A long day. Prague disorients and confuses, a condition that I am sure Kafka had to cope with. Maps can be useless since they can’t capture the tiny shifts in direction the narrow streets often make. European cities have the disorienting habit of changing the name of a street in the middle of an intersection. One could, of course, check street signs, but far too often, corners are not named. Still, this is Prague so I won’t complain more. Now for some quick snaps:
One of those narrow winding streets on which I got lost and simply circled back to my starting point.
From the Charles Bridge, the major crossing of the Vlatava which wanders through the Czech Republic and joins the Elbe. Swans on the water, lots of them, simply gliding. At the top of the hill is Prague Castle, the seat of the government and the home of the Czech president. The spires belong to St Vitus Catherdral, no dancing allowed. At least it is Gothic, not German baroque.
The changing of the guards, not quite as impressive at the event at Windsor Palace, but I’ve never been to Windsor, so this is my sense of how guards change.
The walk up to and down from the castle was steep enough to remind me of Ithaca.
On the way down, bypassing the Charles Bridge which was thronged with strolling visitors, we stumbled into the Waldstein Garden, now the home of the Senate of the Czech Rebublic. Manicured lawns and hedges.
But also fauna of a decorative sort. A few rather tame peacocks, mostly drab hens and two more brilliant cocks, wander casually along the paths, seemingly oblivious to human interlopers. This one seemed to pose deliberately for me on a pedestal. When Nancy saw the swans below the bridge, she thought of Yeats and Coole; I heard the peacocks’ cries as a Yeatsian transition. We see the world through what we read.
Not quite the Peaceable Kingdom, but these species seem at ease with each other.
When I left Ithaca, I left a yard in disarray with patches of dried matted grass, stressed from the drought. Either Prague is not enduring a drought or the Senate can afford to water.

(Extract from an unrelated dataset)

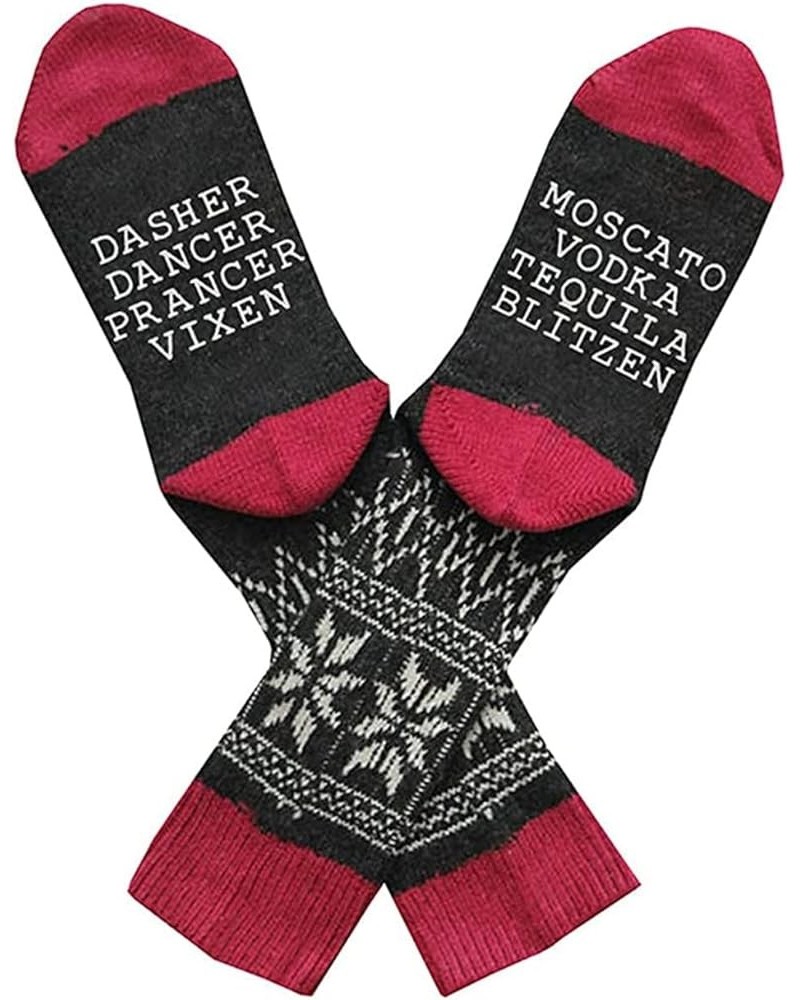 Women Dasher Dancer Prancer Vixen Moscato Vodka Tequila Blitzen Reindeer Alcohol Unisex Crew Socks Christmas Socks A/Red $6.4...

If one took a photograph of every startling structure, one would never walk more than 10 blocks a day. I especially appreciated how these buildings mirror each other at their intersection.
Love the pictures–and the commentary. We know the world (and pictures of it) through what we read . . .
LikeLike
Thanks for the pictures and your observations of Prague. Looks like quintessential “old Europe”.